10.2 Robust Linear Programming

Consider a linear program whose constraint matrix depends on an uncertain parameter:

\[\min_x \; c^\top x \quad \text{subject to} \quad a(\xi)^\top x \leq b \quad \forall \xi \in \mathcal{U}, \quad x \geq 0 \tag{10.2}\]

The robust constraint \(a(\xi)^\top x \leq b \; \forall \xi \in \mathcal{U}\) must hold for every possible realization of \(a\). This is equivalent to:

\[\max_{\xi \in \mathcal{U}} \; a(\xi)^\top x \leq b \tag{10.3}\]

The tractability of the robust problem depends on the shape of \(\mathcal{U}\).

10.3 Uncertainty Set Geometry

The choice of \(\mathcal{U}\) is the key modeling decision in robust optimization. Three shapes dominate in practice.

10.3.1 Box Uncertainty Set

The simplest set: each parameter \(\xi_i\) varies independently within \([\bar{\xi}_i - \hat{\xi}_i, \, \bar{\xi}_i + \hat{\xi}_i]\):

\[\mathcal{U}_{\text{box}} = \{\xi : |\xi_i - \bar{\xi}_i| \leq \hat{\xi}_i, \; i = 1, \ldots, n\} \tag{10.4}\]

The worst case over a box set is solved by setting each \(\xi_i\) to its worst extreme:

\[\max_{\xi \in \mathcal{U}_{\text{box}}} a(\xi)^\top x = \bar{a}^\top x + \hat{a}^\top |x| \tag{10.5}\]
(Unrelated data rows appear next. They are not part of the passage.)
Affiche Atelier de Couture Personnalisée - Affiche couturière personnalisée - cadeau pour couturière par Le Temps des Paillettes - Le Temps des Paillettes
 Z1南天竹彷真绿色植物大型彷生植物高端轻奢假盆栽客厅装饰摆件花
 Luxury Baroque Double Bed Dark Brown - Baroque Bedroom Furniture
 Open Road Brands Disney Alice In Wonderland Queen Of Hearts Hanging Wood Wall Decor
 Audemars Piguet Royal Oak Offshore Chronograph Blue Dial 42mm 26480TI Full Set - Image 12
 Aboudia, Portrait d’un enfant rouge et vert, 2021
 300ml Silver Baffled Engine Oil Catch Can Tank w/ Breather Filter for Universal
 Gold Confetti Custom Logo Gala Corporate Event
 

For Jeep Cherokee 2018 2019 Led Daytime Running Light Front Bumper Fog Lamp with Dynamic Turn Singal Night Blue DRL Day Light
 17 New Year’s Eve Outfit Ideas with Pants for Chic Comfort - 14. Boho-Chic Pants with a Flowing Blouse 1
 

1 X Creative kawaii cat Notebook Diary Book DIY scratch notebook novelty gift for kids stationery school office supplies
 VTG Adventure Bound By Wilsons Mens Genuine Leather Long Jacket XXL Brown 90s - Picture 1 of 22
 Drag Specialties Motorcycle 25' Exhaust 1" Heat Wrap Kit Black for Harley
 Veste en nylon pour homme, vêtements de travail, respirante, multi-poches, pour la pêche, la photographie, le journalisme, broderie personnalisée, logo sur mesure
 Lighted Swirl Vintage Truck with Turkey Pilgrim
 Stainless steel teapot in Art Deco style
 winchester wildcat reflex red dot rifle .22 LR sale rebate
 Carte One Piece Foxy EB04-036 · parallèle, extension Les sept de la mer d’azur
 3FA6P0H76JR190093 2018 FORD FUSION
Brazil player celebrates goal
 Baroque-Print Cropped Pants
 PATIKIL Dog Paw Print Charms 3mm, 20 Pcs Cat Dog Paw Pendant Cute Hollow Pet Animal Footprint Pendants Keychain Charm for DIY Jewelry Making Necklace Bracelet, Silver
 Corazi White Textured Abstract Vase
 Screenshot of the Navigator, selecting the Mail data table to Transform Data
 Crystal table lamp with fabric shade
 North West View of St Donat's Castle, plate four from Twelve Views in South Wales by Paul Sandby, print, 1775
The robust constraint becomes \(\bar{a}^\top x + \hat{a}^\top |x| \leq b\) — a simple LP constraint. Box uncertainty is easy to implement but very conservative: it assumes all parameters simultaneously take their worst values, which is unlikely.

10.3.2 Ellipsoidal Uncertainty Set

An ellipsoidal set allows parameter deviations but limits their combined magnitude:

\[\mathcal{U}_{\text{ellip}} = \{\xi : \|\Sigma^{-1/2}(\xi - \bar{\xi})\|_2 \leq \Omega\} \tag{10.6}\]

where \(\Sigma\) is a covariance matrix and \(\Omega\) controls the size of the ellipsoid. The worst case over an ellipsoid leads to a second-order cone constraint:

\[\bar{a}^\top x + \Omega \|\Sigma^{1/2} x\|_2 \leq b \tag{10.7}\]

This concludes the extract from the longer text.